There are a few really stubborn mistakes I just can’t seem to get past. They crop up again and again, and I never get around to addressing them because they are boring and too obscure to be easily addressed by googling “How to do ____ in Portuguese”. I think if I could sort them out a lot of the baseline problems with my sentence-construction would be sorted and I’d be a much stronger speaker.
Little Fiddly Words In Front of Infinitives
Infinitives are the definitive forms of a verb, normally translated as “to be”, “to know”, “to do” and so on. Because of this, when I write one in portuguese I expect it to not need anything in front of it but sometimes it does and sometimes it doesn’t. About the only rules here are to do with Gostar and Precisar, each of which takes a “de” after it
Ter can have a “que” or a “de”, depending what you’re doing and in other cases it might have an “a”, a “para” or just nothing. I need to get to the bottom of this and work out how it works once and for all.
Genders of Nouns
I think I’m right about 80% of the time but that’s not enough. Difficult to think how to do this without biting the bullet and learning them by rote. I considered making little stickers with lipstick on some and a moustache on others and sticking them on all the objects in my house, but that wouldn’t help me with abstract nouns. Have you ever tried sticking a moustache on despair?

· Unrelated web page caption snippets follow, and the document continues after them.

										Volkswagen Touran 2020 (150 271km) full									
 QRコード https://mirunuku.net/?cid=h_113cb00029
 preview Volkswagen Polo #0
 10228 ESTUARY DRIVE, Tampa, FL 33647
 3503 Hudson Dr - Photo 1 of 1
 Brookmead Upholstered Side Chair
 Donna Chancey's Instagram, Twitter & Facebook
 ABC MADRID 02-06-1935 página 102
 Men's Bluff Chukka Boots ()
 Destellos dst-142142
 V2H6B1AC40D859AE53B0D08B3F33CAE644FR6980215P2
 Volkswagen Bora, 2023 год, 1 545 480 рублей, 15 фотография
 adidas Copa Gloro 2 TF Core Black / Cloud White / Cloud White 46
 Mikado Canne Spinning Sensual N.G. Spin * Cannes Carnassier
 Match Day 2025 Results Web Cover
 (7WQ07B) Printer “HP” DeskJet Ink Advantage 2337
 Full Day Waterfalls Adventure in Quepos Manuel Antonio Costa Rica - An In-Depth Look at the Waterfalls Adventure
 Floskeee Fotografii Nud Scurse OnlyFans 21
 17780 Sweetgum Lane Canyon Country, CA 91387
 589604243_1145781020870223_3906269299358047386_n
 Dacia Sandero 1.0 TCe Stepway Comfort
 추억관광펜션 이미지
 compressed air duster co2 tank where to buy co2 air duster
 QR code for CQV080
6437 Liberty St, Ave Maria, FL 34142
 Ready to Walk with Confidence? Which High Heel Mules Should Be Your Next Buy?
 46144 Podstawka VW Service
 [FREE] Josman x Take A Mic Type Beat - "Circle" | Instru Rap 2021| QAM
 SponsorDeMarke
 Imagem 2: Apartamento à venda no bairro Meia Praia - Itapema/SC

Reflexive and Pseudo-Reflexive Verbs
First of all: there seem to be a hell of a lot of reflexive verbs – far more than in french – and I sometimes come across verbs that look like they have a reflexive pronoun but aren’t actually reflexive. They seem to be something to do with the passive voice – e.g. sabe-se que = “it is known that…” and yet my grammar book doesn’t show that as a way of constructing the passive voice. This sounds like one I will have to ask a teacher about.
Awkward Irregular Verbs
Things like Ser, Ir and Estar are easy because they get so much attention. The real killers are things like Dar, Pôr and of course the terrible twins, ver and vir, because they irregular and fairly common but not so common that you get a real familiarity with them day-to-day. I printed these buggers out ages ago, thinking I would just bruteforce it all into my head but somehow, whenever I think about it, there always seems to be something more pressing like picking fluff of the carpet with my bare hands, arranging my socks alphabetically or playing the national anthem on the teeth of a comb. Important stuff, you know.
So that’s what I’ll be working on this week in addition to my Hot Summer Reading. I’ll probably write blog posts about some of them as a way of motivating myself and getting them to stick.